Dr. Clem Jones, of Wessex and Mercia University, secured permission to investigate "the rumors or renewed hauntings" at Nonpareil, the ancient seat of the Tallebois family, where blood once flowed like beer at an Irish pub – which packed the house to the rafters with ghosts. There were some pretty famous ghost stories associated with Nonpareil.
During the English Civil War, a Cavalier's family sought refuge from a troop of marauding Roundheads in its great cellars, but they were locked in and died of starvation. On the anniversary of this tragedy, their disembodied "groans and lamentations" can be heard coming from the basements. Another story involves twin brothers, rivals in love, who fought a duel to the death in one of the rooms, but the ghost they left behind is that of their grief-stricken mother – who was often seen hastily walking through the corridors in search of her sons. A third story is closely intertwined with the second one: a bloodstain is often seen in the room where the twins perished, usually after their mother is seen walking the hallways, which then gradually begins to fade away. According to the legend, the "appearance of the bloodstain is a sign of an approaching death."
Dr. Jones and one of his colleagues, Mr. Parkinson, reported to have found a fresh bloodstain in the room where, reputedly, the tragic duel took place. Naturally, bloodstains are of professional interest to Owen. So he decided to poke around the place, but what he found there had very little to do with ghost stories.

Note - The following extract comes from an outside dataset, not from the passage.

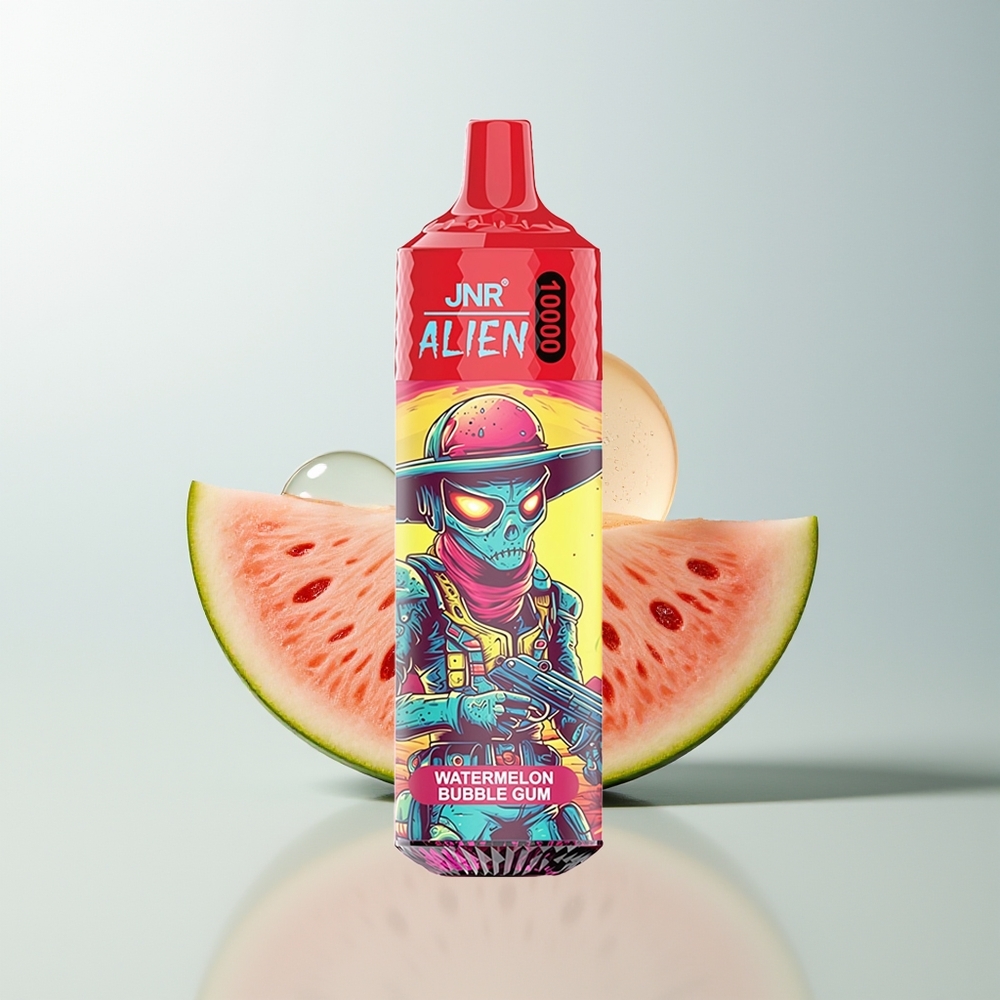 JNR Alien 10000 Puffova Ledena Lubenica Bubble Gum s 850mAh i Type-C Punjenje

Nonpareil is a dark, abandoned and largely empty house. Only a row of statues in the picture gallery are a reminder of its glory days, but a stone bust, "of a Roman emperor apparently," was toppled over the balustrade of the inner hall – nearly crushing Owen, Payne and Parkinson. And that’s just for starters! The second problem concerns the ghostly bloodstain: Dr. Jones and Mr. Parkinson drew a chalk outline round the stain and sealed the room, which was done by placing "threads in position across the crack of the door" and "a small paper wad fixed between the doorpost and the door." So that if would fall if the door were opened. Parkinson claims these "most effective precautions" makes it impossible for anyone to have been there during absence, but the only traces they find on the bare, wooden floorboards is a chalk outline. The bloodstain has completely vanished!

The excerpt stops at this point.